Reading a screencast, reading a lecture, reading a circuit board

Working on reading comprehension has taught me lots about how my students see text, or don’t see it.  It also taught me about how I see it.

I noticed that my students couldn’t use their textbook to help them solve problems.  I didn’t know how to teach them to do that, so I set out to find out.  I didn’t understand what my students didn’t know, so I asked them.  They couldn’t tell me, but their answers helped me ask different questions, which led me to other resources. I reviewed books, videos, blog posts, and research websites.  When I boiled down the results and applied them to my classroom, here’s what I got:

  • Choose a purpose
  • Find the confusion
  • Check for mental pictures/descriptions
  • Use structural clues
  • Make connections to what you already know
  • Ask questions/make inferences

Maybe you got the irony already, but it took me two months: after looking for the answers from my students, from blogs, videos, and etc, the list I distilled was a summary of the very process I had used to find the list.  You see, those things are what I was doing while reading, watching, listening.  It turns out that I do them when I’m having a face-to-face conversation, when I’m experimenting with new equipment, when I’m inspecting a solder joint, and when I’m troubleshooting a circuit.  In other words, I do the same things regardless of whether I’m reading, listening, watching, or inquiring.  Can I go so far as to say that, to me, even a lecture is an inquiry activity? These aren’t techniques for reading comprehension.  They’re techniques for comprehension.

While I was working away on this post, John Burk beat me to it, asking how we can teach students to learn from as many formats as possible.  I’m thinking, maybe these techniques can improve our ability to see what we’re looking at, hear what we’re listening to… regardless of the medium.

That got me thinking about how I learn new things when there’s no one around to teach me.  Let’s choose a suitably complex goal like, say, learning how to teach (I left a skilled trade to do this, so keep in mind that I don’t have a B.Ed. or any other formal teacher training).  I listen to lectures (videos and podcasts).  I read text (research papers, books, blogs).  Lots of text (more blogs).  I write.  I practise.  I experiment.  Sometimes I make things up that I don’t have words for.  Sometimes I learn a bunch of new words and try to apply them.

No teacher decides for me whether I should be introduced to a new idea via a screencast or an inquiry activity.  And all along the way, I evaluate.  Which media worked best for which goal?  How do I know?  What will I do next time I’m in that situation?   If I’m serious about helping my students become independent learners, I eventually have to stop doing this for them.

What’s my role as a teacher in all of this? So far, I’ve come up with these:

  1. Helping my students use the techniques above and adapt them to their own goals, with any media they have available.
  2. Removing roadblocks in their use of these techniques.
  3. Helping them evaluate their ability to apply these techniques to different media.
  4. Supporting them in creating the media they need.
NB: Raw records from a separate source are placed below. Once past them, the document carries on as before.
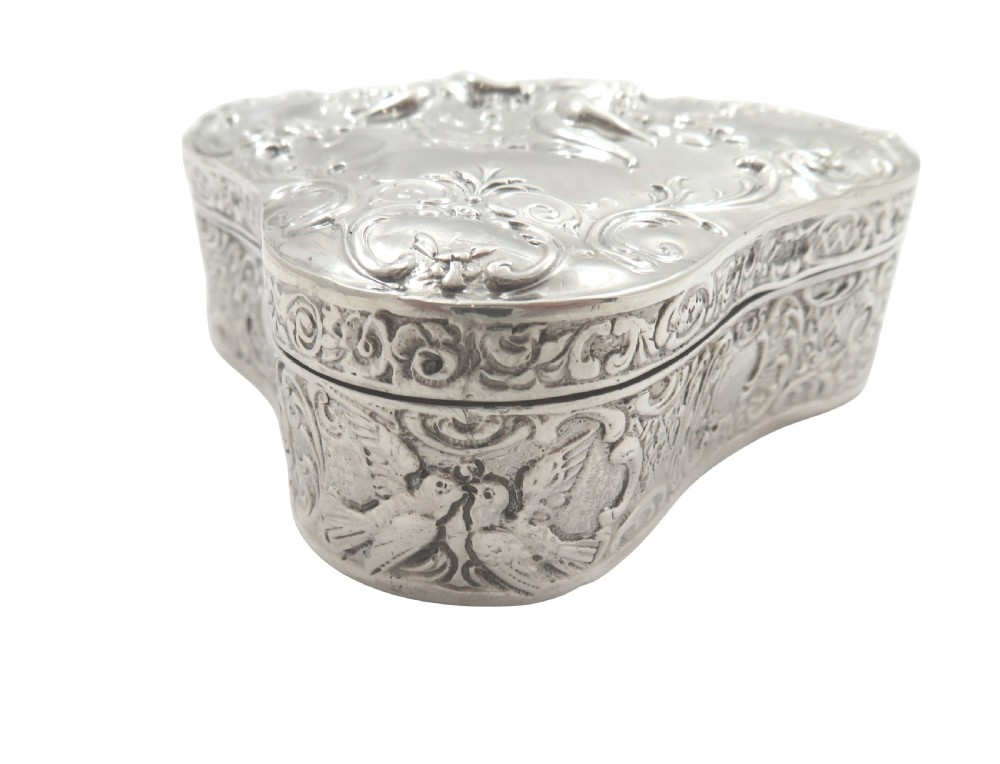 Antique Edwardian Sterling Silver Trinket Box 1901 View III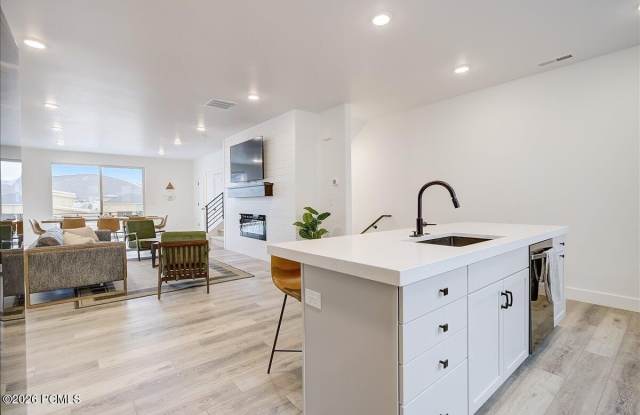 1383 Gambel Oak Way Gallery 2
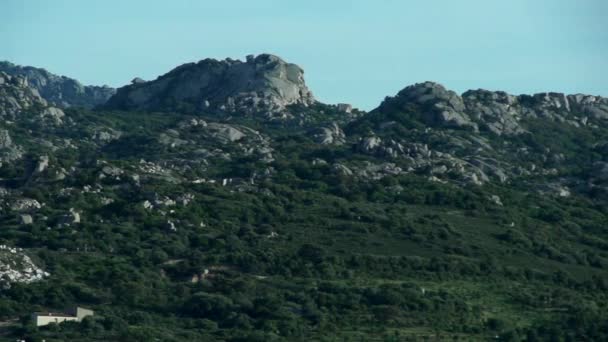 在撒丁岛山脉下的风景 — 图库视频影像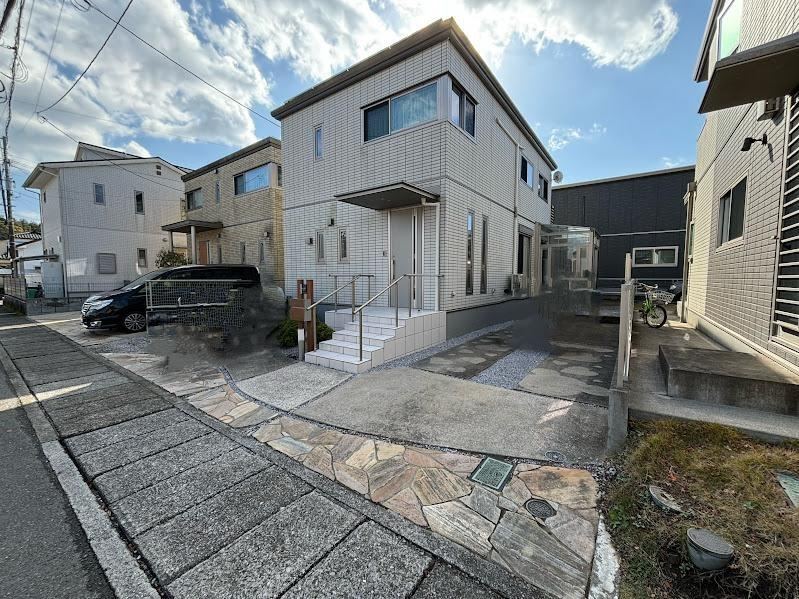8-Year-Old 3LDK Detached House with Parking in Otsuka - Photo 1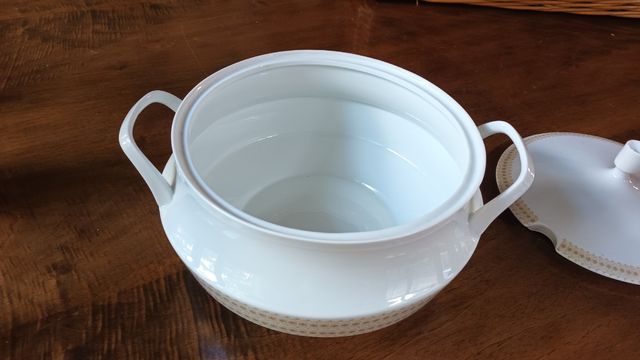 Sopera y 2 fuentes Santa Clara.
I’ve got a few ideas about #1, #2, and #3.  But I think #4 might be the most important one.

Resources

For Using Comprehension Techniques

Jerrid Kruse contributes some great comprehension questions

The West Virginia Dept. of Ed.’s Keys to Comprehension

For Removing Roadblocks

Bret Victor’s suggestion for text that is less “information to be consumed,” more “environment to think in.”

When evaluating which medium to use for any given activity, try asking, how will this medium make it easier to use the techniques above?  How will this medium make it harder?

For Why This Matters

From the ASCD’s Educational Leadership magazine, a 2011 review of research that asks, are we making our students Too Dumb for Complex Texts?

For Creating Our Own Media

Bret Victor promises, someday, to publish his JavaScript library so we can all create our own explorable explanations.

Until then, I’m thinking a lot about who gets to design media, and who merely fills them with content.  Stay tuned.

3 comments

  1. Update: Push Pop Press, which includes infographic designer Bret Victor (of “Explorable Explanations,” above, just won the Apple Design Award for their ebook Our Choice. Someday I want to write an electronics textbook that looks like this.

    What does it mean that I’m teaching my students to read this kind of book, but my program provides no way for me to teach them to write this kind of book? As far as “21st-century skills” are concerned, we’re telling our students that they’re expected to read, but that they’re forbidden to write.